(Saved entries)
++++++++

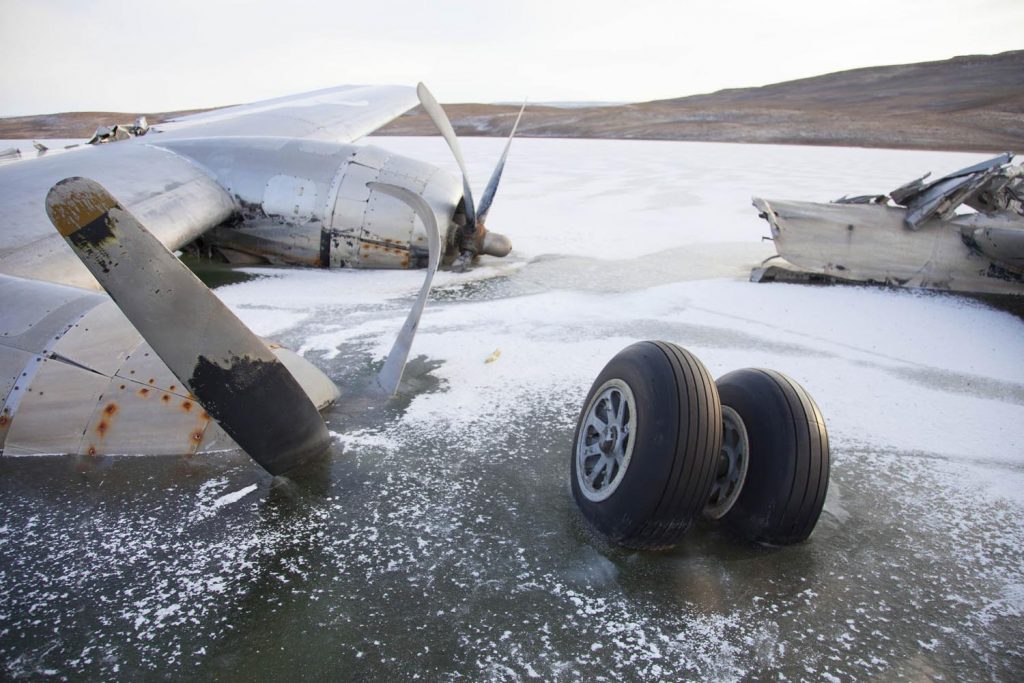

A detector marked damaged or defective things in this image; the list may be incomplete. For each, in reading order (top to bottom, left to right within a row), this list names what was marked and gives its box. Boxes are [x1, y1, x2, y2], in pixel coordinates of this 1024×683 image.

bent propeller blade [418, 82, 478, 230]
bent propeller blade [480, 99, 528, 223]
bent propeller blade [46, 176, 328, 476]
bent propeller blade [370, 182, 442, 396]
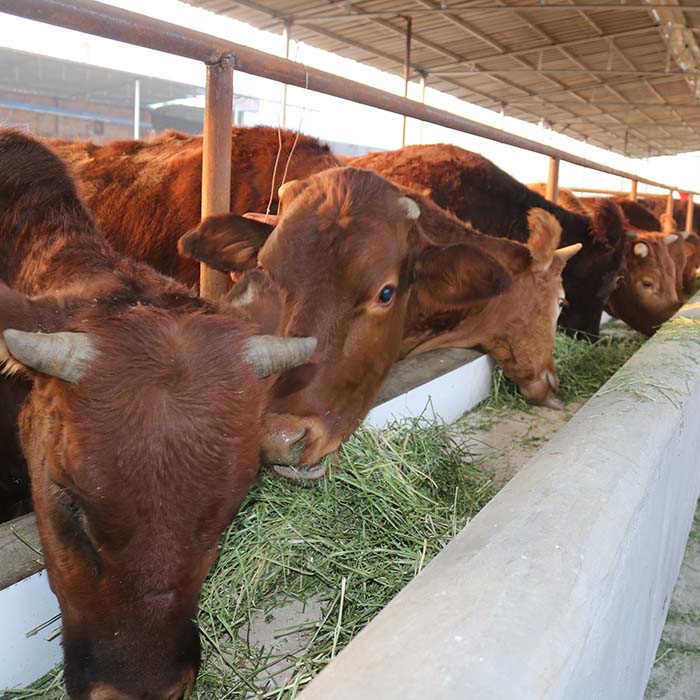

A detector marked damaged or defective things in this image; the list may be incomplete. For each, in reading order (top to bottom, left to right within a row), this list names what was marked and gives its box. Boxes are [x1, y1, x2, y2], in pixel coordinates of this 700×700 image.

rusty metal bar [200, 59, 235, 298]
rusty metal bar [1, 0, 696, 194]
rusty metal bar [544, 157, 560, 204]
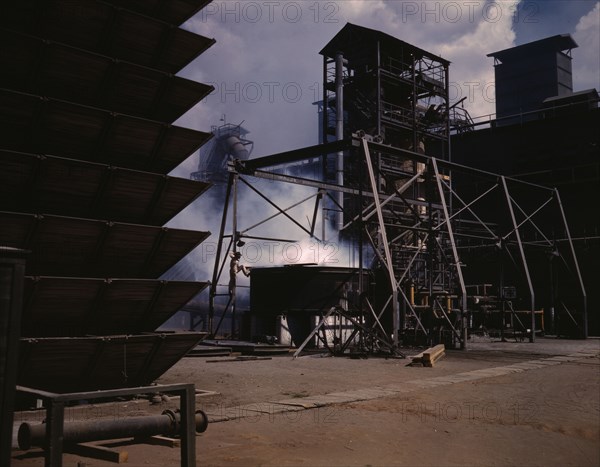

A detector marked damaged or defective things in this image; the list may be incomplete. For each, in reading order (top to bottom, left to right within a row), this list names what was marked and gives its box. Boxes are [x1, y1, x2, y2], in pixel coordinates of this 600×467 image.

rusty metal surface [0, 28, 213, 123]
rusty metal surface [0, 149, 211, 224]
rusty metal surface [17, 334, 205, 394]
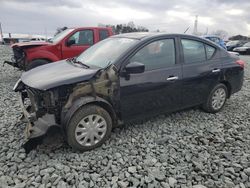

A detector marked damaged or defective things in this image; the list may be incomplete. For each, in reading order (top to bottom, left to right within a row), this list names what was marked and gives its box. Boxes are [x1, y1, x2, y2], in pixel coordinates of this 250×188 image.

damaged front end [3, 46, 26, 69]
crumpled hood [21, 59, 99, 90]
front bumper damage [18, 92, 58, 153]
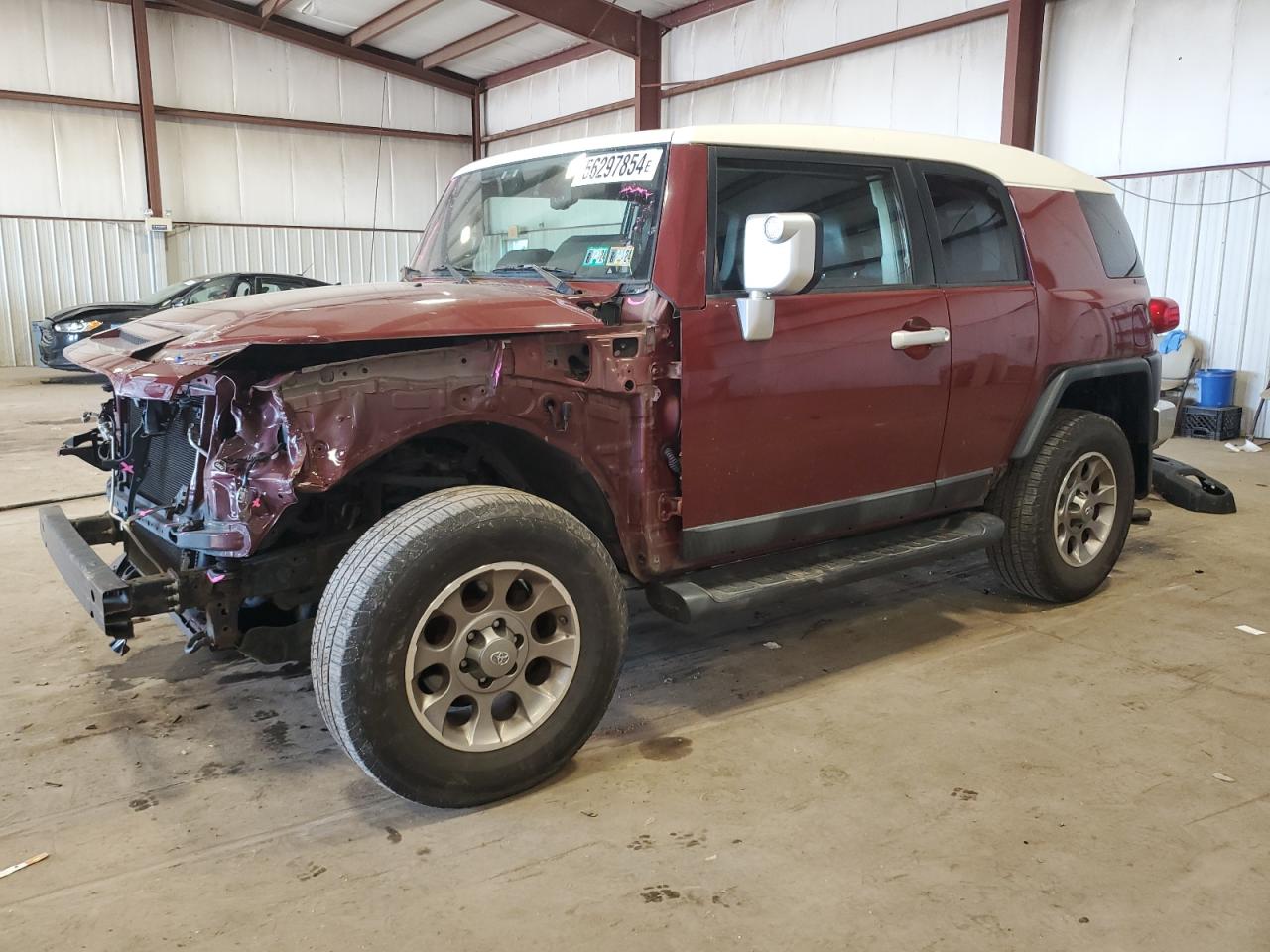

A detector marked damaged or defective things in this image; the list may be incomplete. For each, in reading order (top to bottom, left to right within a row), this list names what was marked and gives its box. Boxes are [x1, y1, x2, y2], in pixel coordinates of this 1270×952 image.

detached bumper [39, 508, 190, 651]
damaged toyota fj cruiser [40, 126, 1175, 805]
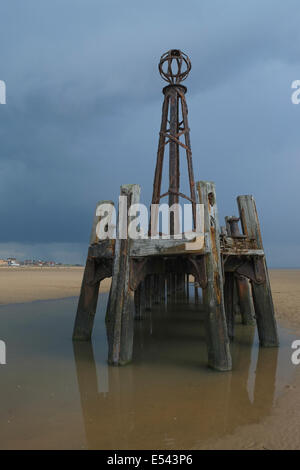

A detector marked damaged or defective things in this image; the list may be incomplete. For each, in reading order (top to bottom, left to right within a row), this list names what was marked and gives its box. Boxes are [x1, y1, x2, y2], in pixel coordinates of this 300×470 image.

rusty metal structure [73, 47, 278, 370]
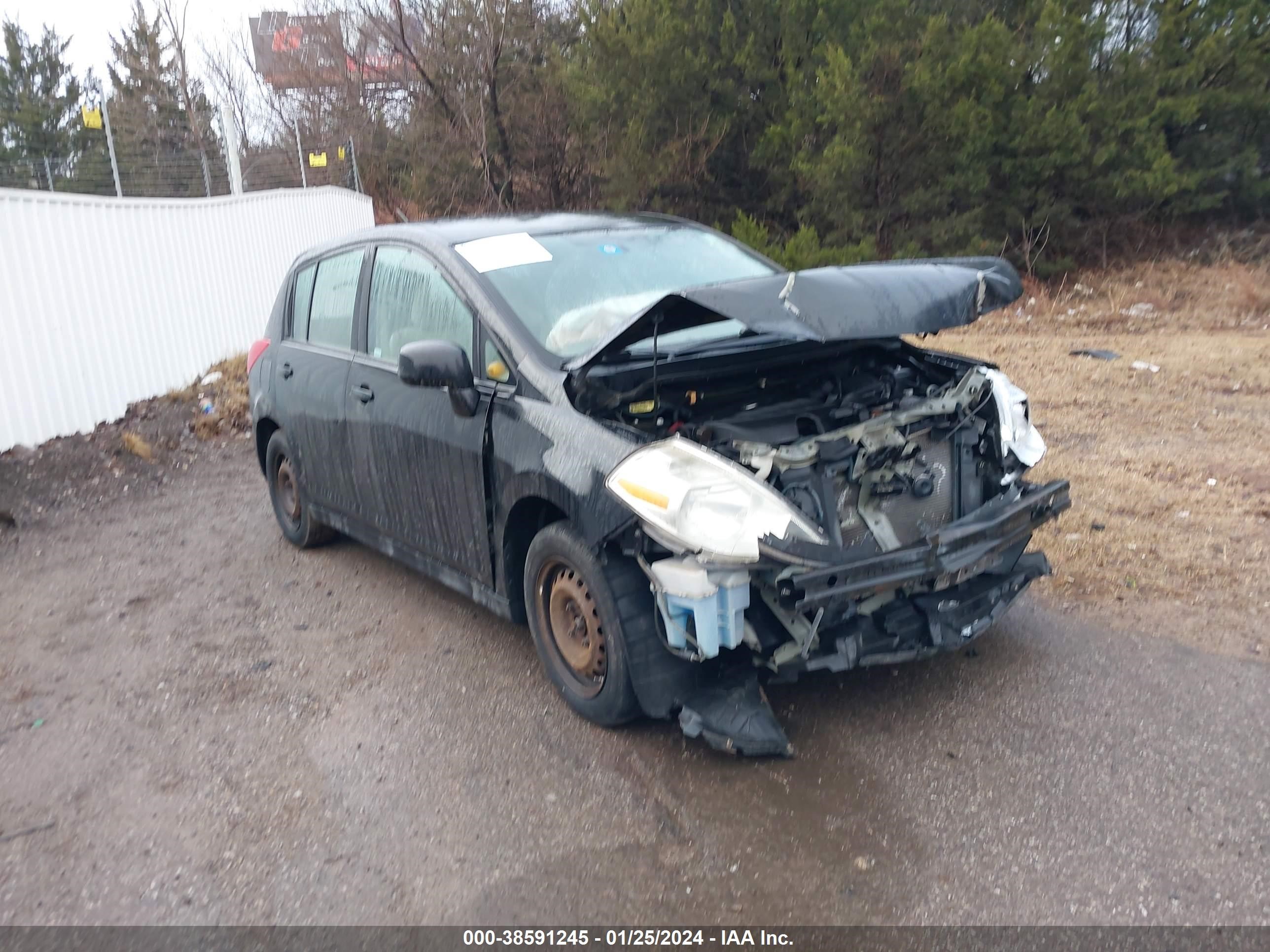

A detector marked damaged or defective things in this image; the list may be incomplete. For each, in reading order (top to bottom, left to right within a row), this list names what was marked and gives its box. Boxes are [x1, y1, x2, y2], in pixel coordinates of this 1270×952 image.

++++++++

▶ _What you have to do_: Once the line containing "this 700×700 image." is found, it and every line through the end of the records above should be output exactly, with no pictures.

▶ _Solution for this exercise_:
A detector marked damaged or defective things in this image; the list may be incomplete. For each, in reading order (top to bottom, left to right within a row), this list names what was marked and gives its box. Boxes are [x1, y1, x2, y2], in pixel coordinates of this 700×700 image.

rusty metal bar [200, 59, 235, 298]
rusty metal bar [1, 0, 696, 194]
rusty metal bar [544, 157, 560, 204]

A detector marked damaged or defective things in this image; the list may be incomplete. For each, in reading order (top to bottom, left to right within a row), this list names what was marked and gives its box. Boxes are [x1, y1, x2, y2], in pixel coordinates of this 600×467 image.

rusty metal surface [0, 28, 213, 123]
rusty metal surface [0, 149, 211, 224]
rusty metal surface [17, 334, 205, 394]

A detector marked damaged or defective things in this image; the list may be incomplete. For each, in reading order (top to bottom, left to right within a row), this list names what was marked and gives its box. Boxes are [x1, y1, x2, y2], in pixel coordinates of this 250×188 image.

damaged front end [3, 46, 26, 69]
crumpled hood [21, 59, 99, 90]
front bumper damage [18, 92, 58, 153]

A detector marked damaged or defective things in this image; the list may be incomplete. For each, in reading order (top to bottom, left to right within a row), this list names what was marked and gives its box. Boxes are [x1, y1, x2, y2], in pixel coordinates of this 1270×952 image.

detached bumper [39, 508, 190, 651]
damaged toyota fj cruiser [40, 126, 1175, 805]

A detector marked damaged or defective things in this image; the list may be incomplete. For each, in reading order (top to bottom, left to right within a row), this list names what was marked and gives its box. Boxes are [x1, y1, x2, y2], in pixel coordinates of this 300×470 image.

rusty metal structure [73, 47, 278, 370]

A detector marked damaged or defective things in this image; the list may be incomplete. For each, in reading order (top to bottom, left to right within a row), this list names what was marked and gives its box. Boxes are [x1, y1, x2, y2], in pixel coordinates of this 1270×952 image.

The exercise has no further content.